So in this case fit_transform is going to create the vocabulary and create the term document matrix based on the training set. transform is a little bit different. That says use the previously fitted model which in this case means use the previously created vocabulary. We wouldn’t want the validation set and the training set to have the words in different orders in the matrices. Because then they would have different meanings. So this is here saying use the same vocabulary to create a bag of words for the validation set.

Question: What if the validation set has different set of words other than training set [1:11:40]? That’s a great question. So generally, most of these vocab creating approaches will have a special token for unknown. Sometimes you can also say like hey if a word appears less than three times, call it unknown. But otherwise, if you see something you haven’t seen before, call it unknown. So that (i.e. “unknown”) would just become a column in the bag of words.

When we create this term document matrix, the training set we have 25,000 rows because there are 25,000 movie reviews and there are 75,132 columns which is the number of unique words.

trn_term_doc<25000x75132 sparse matrix of type '<class 'numpy.int64'>'
     with 3749745 stored elements in Compressed Sparse Row format>

Now, most of the documents don’t have most of these 75,132 words. So we don’t want to actually store that as a normal array in memory. Because it’s going to be very wasteful. So instead, we store it as a sparse matrix. What a sparse matrix does is it just stores it as something that says whereabouts of the non-zeros. So it says okay, document number 1, word number 4 appears and it has 4 of them. Document number 1, term number 123 appears once, and so forth.

(1, 4) → 4
(1, 123) → 1

That’s basically how it’s stored. There’s actually a number of different ways of storing and if you do Rachel’s computational linear algebra course, you’ll learn about the different types and why you choose them, and how to convert and so forth. But they’re all something like this and you don’t really , on the whole, have to worry about the details. The important thing is it’s efficient.

So we could grab the first review and that gives us 75,000 long sparse one row long matrix with 93 stored elements [1:14:02]. So in other words, 93 of those words are actually used in the first document.
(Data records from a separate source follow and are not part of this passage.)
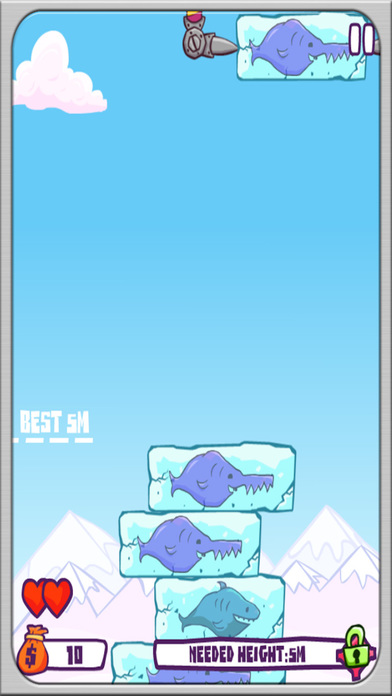Awesome Polar Fishing Fun screenshot 2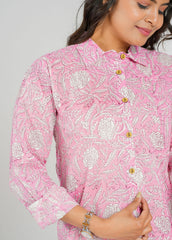 Rosemarie Printed Co-Ord Set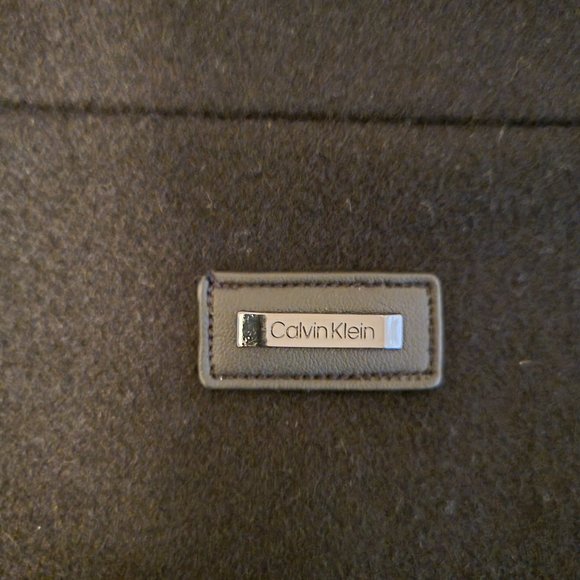 Men's Calvin Klein Coat - Picture 3 of 5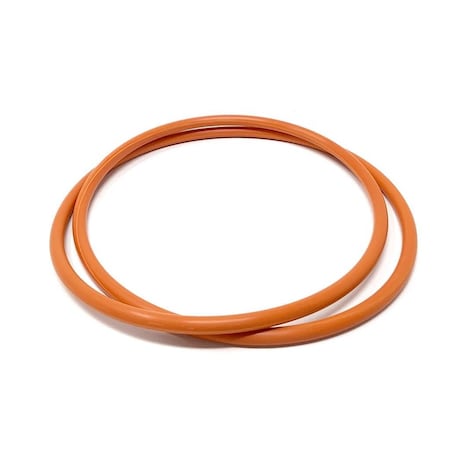 Springer Parts TRA545/555 Cover Gasket FPM; Replaces Wright Flow Technologies Part# CF650019 CF650019SP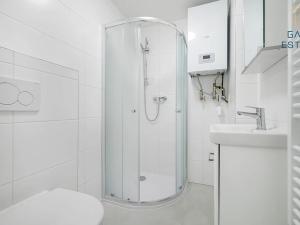 Pronájem bytu 2+kk, Brno, Tomešova, 43 m2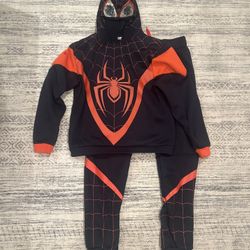 Spider-Man (Miles Morales) Costume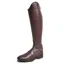DeNiro Amabile Laced Tall Riding Boots - Quick Brown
trn_term_doc[0]<1x75132 sparse matrix of type '<class 'numpy.int64'>'
	with 93 stored elements in Compressed Sparse Row format>

We can have a look at the vocabulary by saying veczr.get_feature_names that gives us the vocab. And so here is an example of a few of the elements of feature names:

vocab = veczr.get_feature_names(); vocab[5000:5005]['aussie', 'aussies', 'austen', 'austeniana', 'austens']

I didn’t intentionally pick the one that had aussie but that’s the important words, obviously 😄 I haven’t used the tokenizer here. I’m just splitting on space, so this isn’t quite the same as what the vectorizer did. But to simplify things, let’s grab a set of all the lowercased words. By making it a set, we make them unique. So this is roughly the list of words that would appear.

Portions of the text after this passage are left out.